A long diversion to get to this point. Sorry. More importantly why am I talking about Gatewood and Geronimo? I haven’t spoken about them in years. My first talk was about Ned Wynkoop back in the mid-1980s, and I have continued to talk about Ned. That said, believe it or not, it wasn’t until 2011 or 2012 that I actually spoke about Ned more often than I did about G&G. Yep, I gave a lot of talks about them. But it ended when the Wynkoop book became reality. So why return to Mr. G. and Mr. G.?
Ned Wynkoop dominated the 1860s, even though the press, the military, and the government did everything possible to relegate him to the circular file. Why? Simple. He didn’t kiss their asses, and dared to speak out against what he considered the wanton murder of human beings—human beings that weren’t white.
The Gatewood character in Geronimo: An American Legend says, “The Apaches are special.” And they are!
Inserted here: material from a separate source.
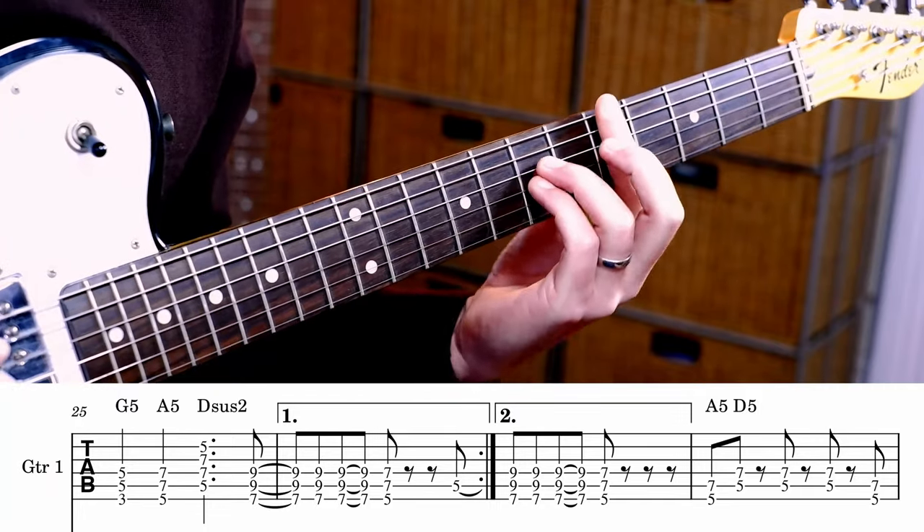And then we go to G, A, and then we're going to play not a 5 chord but a sus 2 — it's going to be D sus 2. So you need 5, 7, 7, 5, 5, all the way.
Mike Koury has been a friend since the 1980s. He has done whatever he could to help. When I visited the land of snow last April I spent a morning and afternoon with Mike. We lunched with his pretty wife Dee and hung out in his library/computer room. Good time. On that day I pitched Mike to talk about Gatewood finding Geronimo in Mexico for his Order of the Indian Wars event in Tucson in the fall. I did this for one reason, and one reason only. Mike is one of those people who believes that the Indian wars begin and end with the Plains Indian wars. My sole goal for speaking in Tucson is to wake Mike up to the fact that the Apache wars are exciting times with much at stake (just like the Plains Indian wars).
Mike gave me a thumbs up.
My goal on September 26 is to get my facts as good as possible and not to put Mr. Koury to sleep.
Actually this has always been my goal when talking: Get the facts right and don’t put anyone to sleep.
I like giving talks. Actually, I like it a hell of a lot better than writing magazine articles. I like the one-shot to be good, boring, or deadly. There are no holds barred. It is one on one times X. The key is concentration, … preparation, relaxation, focus, and more concentration. Of course there are always “chilly twitching movements,” to quote Gatewood when he met Geronimo in Mexico and demanded his surrender. But they’re fleeting. There is a rush, an exhilaration, and a zone. When I enter this “zone,” it is another world. The only other thing that approaches this live thrill is performing on the stage (actually I like the stage better). A talk is a one-shot performance. Whatever happens can’t be changed.
Good progress on the G&G talk, but YIKES I’ve got to complete that damned Geronimo article for Wild West. Enough!